CAMİLER FAALİYETTE DEĞİL
İran’ın dört bir yanındaki camiler, namaz vakitlerinde istenilen doluluğu bulamıyor. Devrim Muhafızları Komutanı Ziyaeddin Hozni, 2015’te ülkedeki 57 bin Şii camisinden sadece 3 bininin bütünüyle faaliyette olduğunu ortaya çıkardı. “İran sağı ve solu, siyaseti ve ekonomiyi tamir ederken birbiriyle çelişebilir mi?” sorusu çok konuşulan bir durum. Zira İran sağı dini kaygıları ön planda tutarken, İran solu ise siyasi ve ekonomik göstergelerin iyi gitmediğinin farkında ve bu gidişle sıkıntıların daha büyük gösterilere de zemin hazırlayacağını görebiliyor.
‘İRANLI ZENGİN ÇOCUKLARA TEPKİ OLAYLARI PATLATTI’

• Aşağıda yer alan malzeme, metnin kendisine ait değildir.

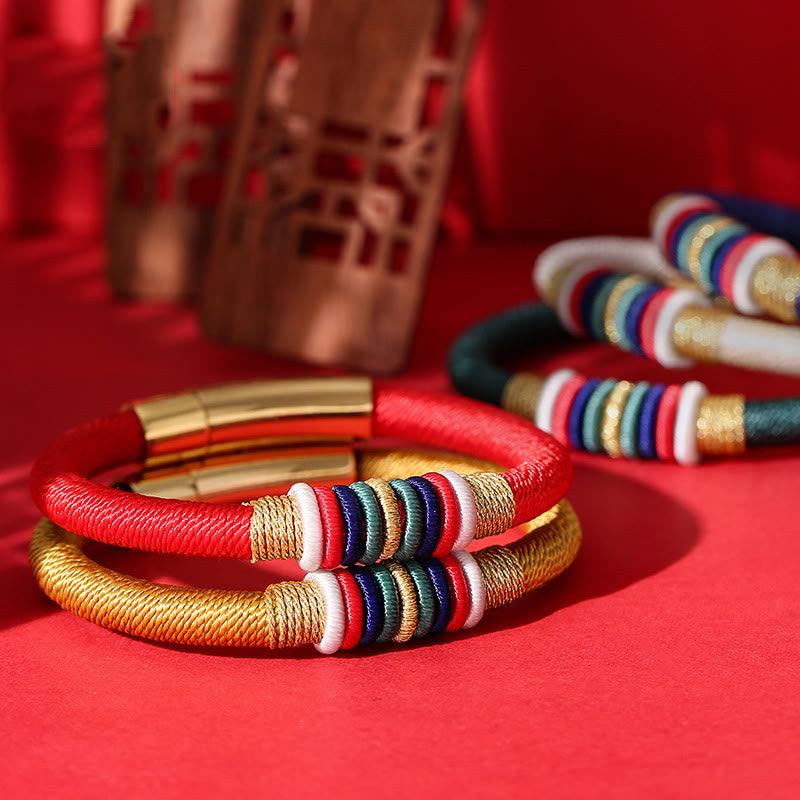 Tibetan Handmade Colorful King Kong Knot Five Elements Luck Braid String Bracelet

İRAN’da son 2 haftadır süren ve ekonomik talepler sebebiyle gerçekleştiği söylenen protestolarda, İran’ın zengin çocuklarının hayatlarının etkisinin olduğu ileri sürüldü. New York Times Gazetesi’nde yayımlanan makalesinde İranlı gazeteci Amir Ahmadi Arian, “yeni aristokrat bir sınıf gibi davran” lüks araçları, partileri ve yaşam tarzlarını sosyal medyada sergilemekten kaçınmayan bu kesimin, İran’ın yoksul halkının eşitsizlik algısını artırdığı görüşünü savundu.
‘AHMEDİNEJAD TUTUKLANDI’ İDDİASINA YALANLAMA
İran’ın eski cumhurbaşkanı Mahmud Ahmedinejad’ın tutuklandığı iddia edildi. Londra merkezli Arapça gazete Al-Quds Al-Arabi’nin haberine göre, Ahmedinejad tutuklanarak bilinmeyen bir hapishaneye konuldu. Ancak Ahmedinejad’ın avukatı Adil Haydari, müvekkilinin tutuklandığı iddiasını yalanladı.
DEVRİM MUHAFIZLARI ‘YENDİK’ DEDİ!
Rejim karşıtı protesto gösterilerinin 1 haftayı geçtiği İran’da, Devrim Muhafızları, yeni bir açıklama yayımlayarak muhaliflerin yenildiğini öne sürdü. Açıklamada, “İran halkı ve güvenlik güçleri yabancı düşmanların çıkardığı huzursuzluğu yendi” mesajı verildi. Devrim Muhafızları çarşamba günü yaptığı açıklamada da isyanın bastırıldığını ilan etmişti ancak sonrasında gelişen gösteriler bu açıklamayı geçersiz kılmıştı.